No que diz respeito às regras recontextualizadoras, Bernstein (1996) compreende que o discurso pedagógico pode ser definido como as regras para introduzir e relacionar dois discursos e, nesse processo de relação, o discurso da competência instrucional é embutido no discurso regulativo de ordem social. O princípio recontextualizador do discurso pedagógico age de forma seletiva, apropriando-se, refocalizando e relacionando outros discursos a partir de sua própria ordem, assim “[...] o discurso pedagógico não pode ser identificado com quaisquer dos discursos que ele recontextualiza” (BERNSTEIN, 1996, p. 259). Ao avaliar a estruturação social do discurso pedagógico e as formas de sua transmissão e aquisição, Bernstein (1996) oferece os conceitos teóricos fundamentais que permitem compreender a constituição, transmissão e aquisição dos discursos pedagógicos que permeiam a prática docente no processo de construção do saber escolar.
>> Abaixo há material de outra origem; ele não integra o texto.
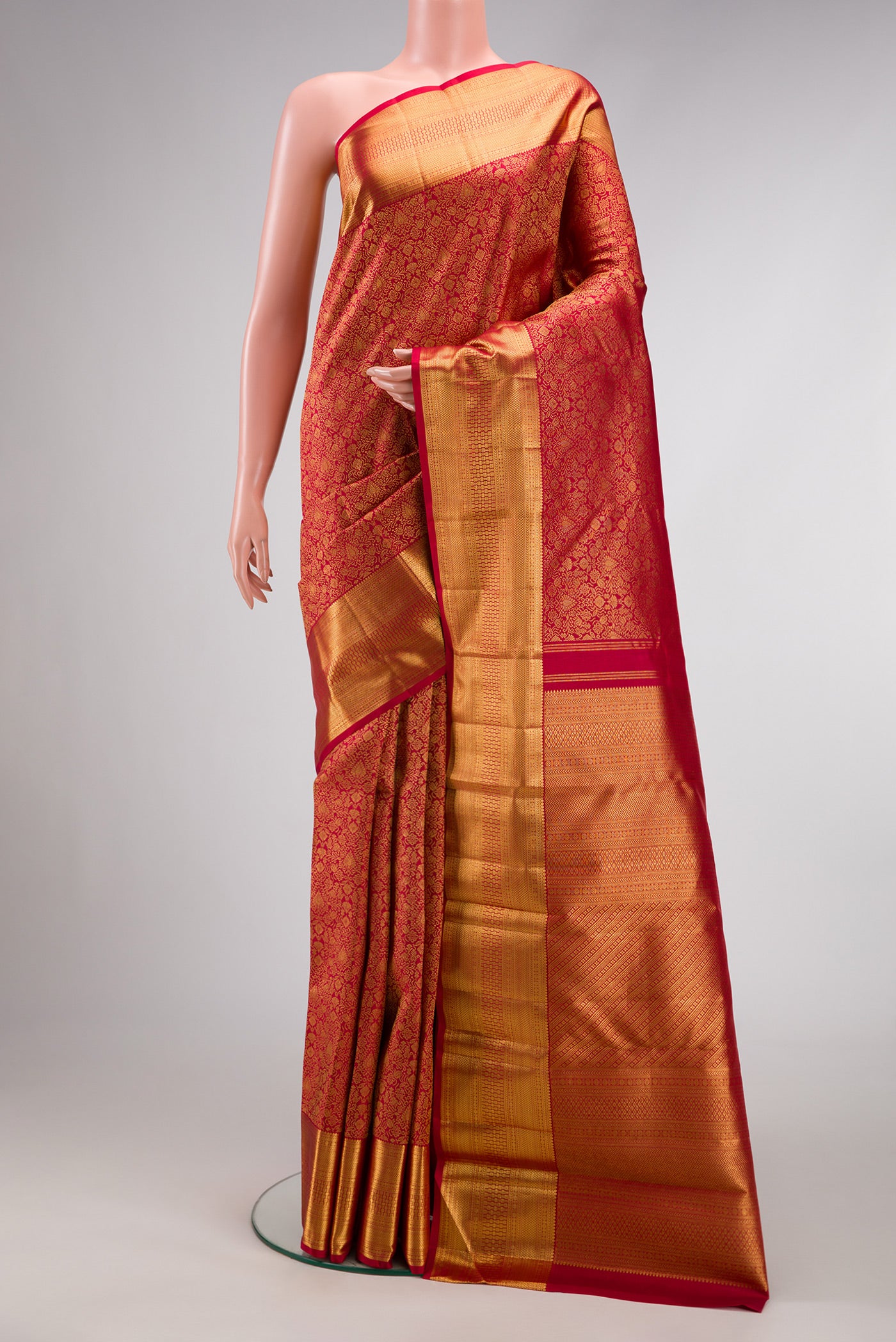 Dark Pink Dual Tone Kanchipuram Silk Saree with Zari Brocade on the body and Zari Border.  displayed on a mannequin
Nesse sentido, as políticas curriculares ultrapassam os documentos escritos e se apropriam dos conhecimentos escolares construídos dentro e fora das instituições de ensino por meio das relações de poder, do embate cultural, conflitos escolares que permeiam por uma seleção e recontextualização do prescrito na prática diária das ações pedagógicas. De acordo com Bernstein (1996), as regras de reconhecimento e de realização permitem estabelecer uma relação entre a prática que o/a professor/a desenvolve e os diversos contextos nos quais se insere, assim como admite especificar as relações que se dão no interior do contexto no qual essa prática se desenvolve: na sala de aula.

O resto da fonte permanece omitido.